> _TASK TO CARRY OUT_: Write out every line below that contains "Electric".

> _SOURCE MATERIAL_:
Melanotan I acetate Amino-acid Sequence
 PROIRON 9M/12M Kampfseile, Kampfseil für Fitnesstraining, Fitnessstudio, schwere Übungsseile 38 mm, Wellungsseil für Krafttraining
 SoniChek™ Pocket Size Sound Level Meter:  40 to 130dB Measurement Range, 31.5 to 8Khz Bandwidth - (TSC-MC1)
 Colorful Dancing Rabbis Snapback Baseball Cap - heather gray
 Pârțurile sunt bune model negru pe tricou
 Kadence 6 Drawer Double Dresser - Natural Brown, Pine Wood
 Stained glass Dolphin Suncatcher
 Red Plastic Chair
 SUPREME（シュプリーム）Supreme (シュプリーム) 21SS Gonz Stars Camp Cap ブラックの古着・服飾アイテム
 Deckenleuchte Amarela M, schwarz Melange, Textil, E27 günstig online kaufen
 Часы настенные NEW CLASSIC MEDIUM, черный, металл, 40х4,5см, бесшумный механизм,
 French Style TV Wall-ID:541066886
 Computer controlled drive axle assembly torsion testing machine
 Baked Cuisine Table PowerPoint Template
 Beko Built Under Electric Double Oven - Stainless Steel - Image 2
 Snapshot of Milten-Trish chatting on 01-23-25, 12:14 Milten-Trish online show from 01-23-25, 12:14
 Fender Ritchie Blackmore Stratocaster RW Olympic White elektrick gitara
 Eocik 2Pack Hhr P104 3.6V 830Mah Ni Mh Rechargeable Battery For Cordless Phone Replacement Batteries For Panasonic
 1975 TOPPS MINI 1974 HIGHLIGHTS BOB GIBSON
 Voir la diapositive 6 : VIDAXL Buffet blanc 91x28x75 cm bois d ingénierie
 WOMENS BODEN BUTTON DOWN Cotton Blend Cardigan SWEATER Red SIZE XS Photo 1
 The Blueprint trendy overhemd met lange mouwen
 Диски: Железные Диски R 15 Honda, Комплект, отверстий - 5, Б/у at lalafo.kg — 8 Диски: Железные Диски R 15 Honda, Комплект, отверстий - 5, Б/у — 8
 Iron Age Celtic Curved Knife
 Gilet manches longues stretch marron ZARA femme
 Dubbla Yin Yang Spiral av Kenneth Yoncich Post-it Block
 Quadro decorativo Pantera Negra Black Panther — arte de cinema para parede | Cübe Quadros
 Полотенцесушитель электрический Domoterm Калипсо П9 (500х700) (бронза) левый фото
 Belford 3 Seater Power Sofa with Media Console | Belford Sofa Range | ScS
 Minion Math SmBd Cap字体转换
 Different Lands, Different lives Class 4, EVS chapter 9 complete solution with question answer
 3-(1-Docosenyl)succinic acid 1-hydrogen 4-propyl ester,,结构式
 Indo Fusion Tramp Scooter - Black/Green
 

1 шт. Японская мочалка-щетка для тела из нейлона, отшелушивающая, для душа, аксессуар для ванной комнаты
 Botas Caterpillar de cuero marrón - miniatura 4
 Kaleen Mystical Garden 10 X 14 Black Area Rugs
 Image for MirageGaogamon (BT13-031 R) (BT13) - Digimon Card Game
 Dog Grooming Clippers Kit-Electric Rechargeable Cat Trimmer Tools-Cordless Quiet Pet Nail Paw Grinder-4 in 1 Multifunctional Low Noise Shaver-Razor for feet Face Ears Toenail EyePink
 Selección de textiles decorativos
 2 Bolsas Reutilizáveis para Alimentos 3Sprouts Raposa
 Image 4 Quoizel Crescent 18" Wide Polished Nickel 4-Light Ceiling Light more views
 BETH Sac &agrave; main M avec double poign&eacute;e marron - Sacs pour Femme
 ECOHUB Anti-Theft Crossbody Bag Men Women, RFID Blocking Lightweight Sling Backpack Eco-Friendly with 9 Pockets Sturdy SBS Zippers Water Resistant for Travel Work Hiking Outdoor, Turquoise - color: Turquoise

> _TASK RESULT_:
 Beko Built Under Electric Double Oven - Stainless Steel - Image 2
 Dog Grooming Clippers Kit-Electric Rechargeable Cat Trimmer Tools-Cordless Quiet Pet Nail Paw Grinder-4 in 1 Multifunctional Low Noise Shaver-Razor for feet Face Ears Toenail EyePink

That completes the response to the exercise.